• [TASK OBJECTIVE]: Write out the data again exactly, skipping every picture.

• [ENTRIES PROVIDED]:
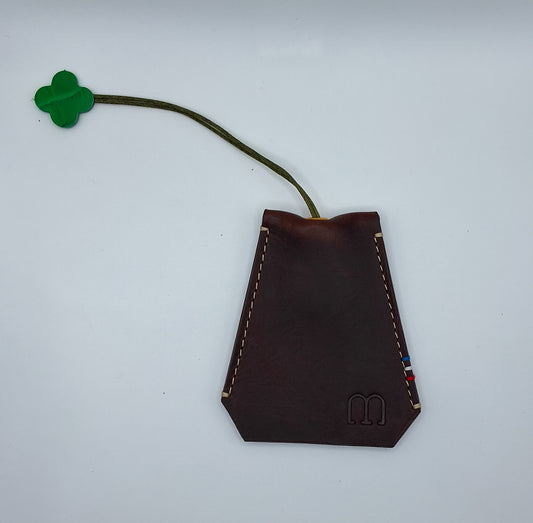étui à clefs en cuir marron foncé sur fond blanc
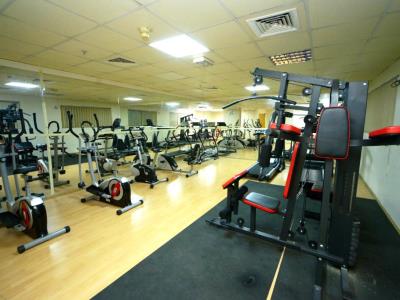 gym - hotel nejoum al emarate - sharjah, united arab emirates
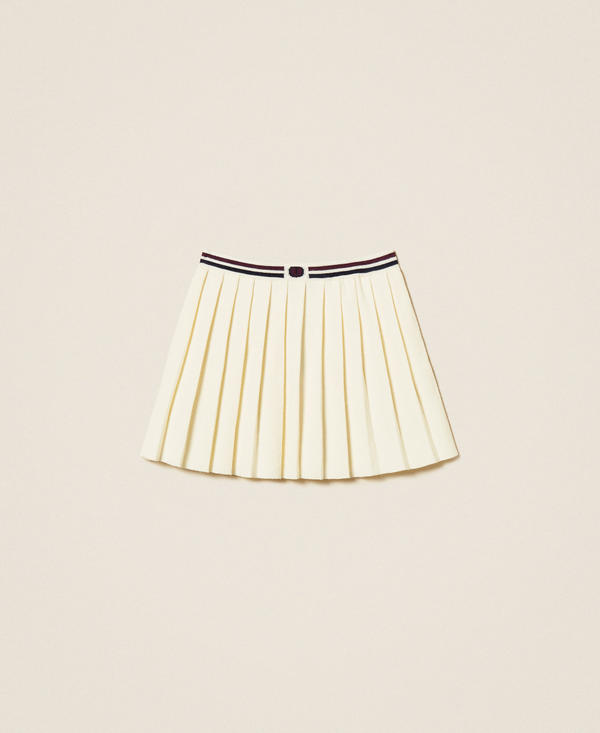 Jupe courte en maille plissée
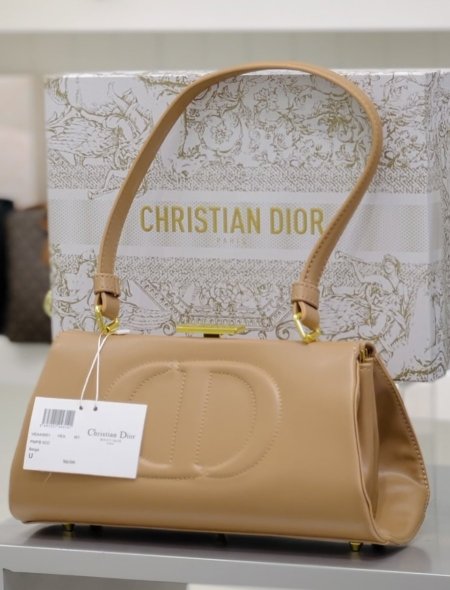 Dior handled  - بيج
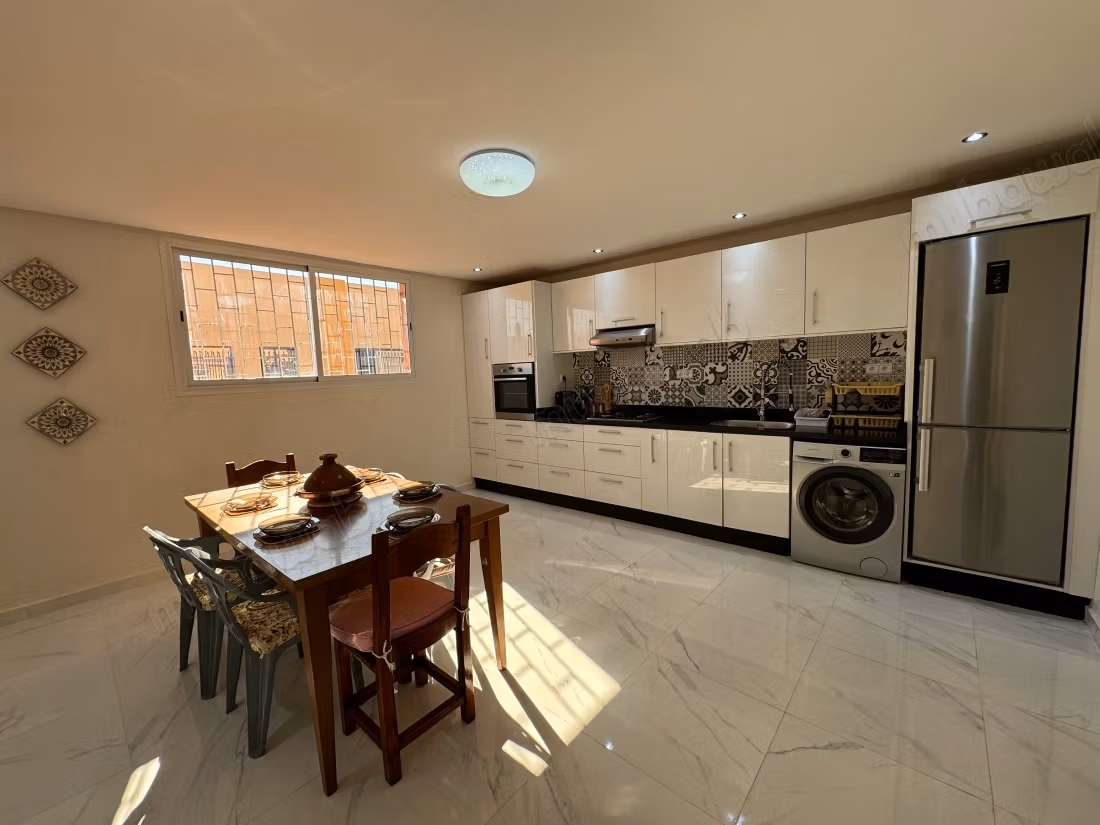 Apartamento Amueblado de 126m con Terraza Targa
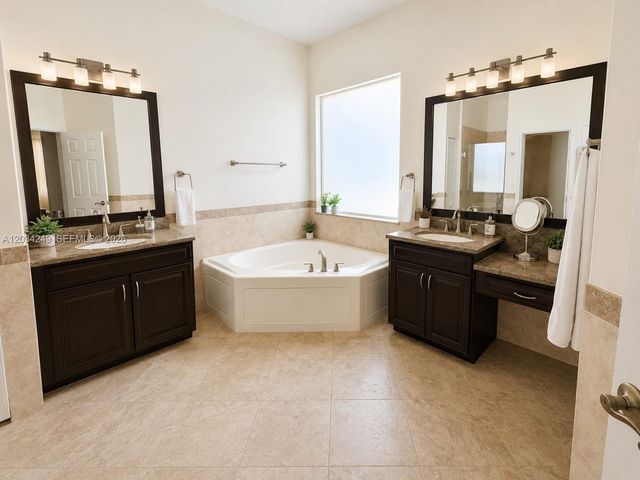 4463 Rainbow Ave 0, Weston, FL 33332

• [ANSWER SPACE]:
étui à clefs en cuir marron foncé sur fond blanc
 gym - hotel nejoum al emarate - sharjah, united arab emirates
 Jupe courte en maille plissée
 Dior handled  - بيج
 Apartamento Amueblado de 126m con Terraza Targa
 4463 Rainbow Ave 0, Weston, FL 33332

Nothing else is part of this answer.